Christian Wolmar

Going places

Simon Jenkins celebrates the best of what’s left after the ‘1970s Devastation’

issue 30 September 2017

Stations, according to Simon Jenkins, are the forgotten part of the railway experience. People love the trains, the journey, the passing countryside, the leisurely pace and the locomotives, especially steam ones. The stations, however, have been rather ignored. Sure, the ubiquity of Prêt, Upper Crust and all those coffee chains on station concourses has made the experience somewhat tawdry at times, but even the worst is better than an airport. Brief Encounter would not have worked in a departure lounge.

As Jenkins discovers, there is still plenty to celebrate and enjoy, and the modern disdain of stations is partly borne of our reluctance to linger in the face of modern life’s myriad competing demands. Linger, though, we must, to enjoy the variety of stations that have been left, largely by our Victorian forebears. Of course Beeching cut a swath through the station network, closing more than 2,300, but many were small or of little architectural interest. The most infamous loss was the old Euston, with its wonderful sweeping staircases in the Great Hall and overrated Doric arch.

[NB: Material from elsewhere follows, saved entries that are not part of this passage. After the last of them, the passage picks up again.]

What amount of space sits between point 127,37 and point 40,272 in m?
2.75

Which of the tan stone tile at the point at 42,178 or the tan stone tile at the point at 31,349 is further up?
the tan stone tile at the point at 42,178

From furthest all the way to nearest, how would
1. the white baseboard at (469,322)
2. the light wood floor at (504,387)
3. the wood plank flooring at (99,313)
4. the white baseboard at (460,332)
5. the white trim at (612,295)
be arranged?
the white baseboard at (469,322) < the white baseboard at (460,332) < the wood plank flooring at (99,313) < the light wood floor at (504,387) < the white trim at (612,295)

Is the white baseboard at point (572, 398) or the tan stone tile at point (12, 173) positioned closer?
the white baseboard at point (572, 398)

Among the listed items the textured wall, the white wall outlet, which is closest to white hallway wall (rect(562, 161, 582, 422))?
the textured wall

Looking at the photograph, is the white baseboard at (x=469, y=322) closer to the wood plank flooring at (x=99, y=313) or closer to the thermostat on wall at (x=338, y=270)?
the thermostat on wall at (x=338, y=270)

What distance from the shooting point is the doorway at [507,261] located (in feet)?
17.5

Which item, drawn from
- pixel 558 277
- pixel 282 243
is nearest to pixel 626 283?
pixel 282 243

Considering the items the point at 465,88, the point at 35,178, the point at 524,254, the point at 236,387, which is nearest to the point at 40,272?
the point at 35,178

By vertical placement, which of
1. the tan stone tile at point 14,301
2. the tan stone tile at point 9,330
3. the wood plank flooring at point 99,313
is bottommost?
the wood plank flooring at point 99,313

For a while after British Rail had stopped closing lines, stations were still in its crosshairs, including, notably, St Pancras, not least because there was the potential of a quick buck from property sales for the cash-strapped organisation. Jenkins claims a role here in stopping the destruction. He was appointed to the British Railways Board in 1980 and was shocked by the disdain for heritage shown by a continued programme of station demolition. He tried to stop the destruction of the Derby Tri-Junct, a station, as its name suggests, linking three lines, but was told by the chairman, Sir Peter Parker, that it was too late.

Victorian buildings were out of fashion and Jenkins, appointed head of BR’s environment panel, trooped around the country ‘visiting distressed railway heritage, if only to draw attention to its plight’.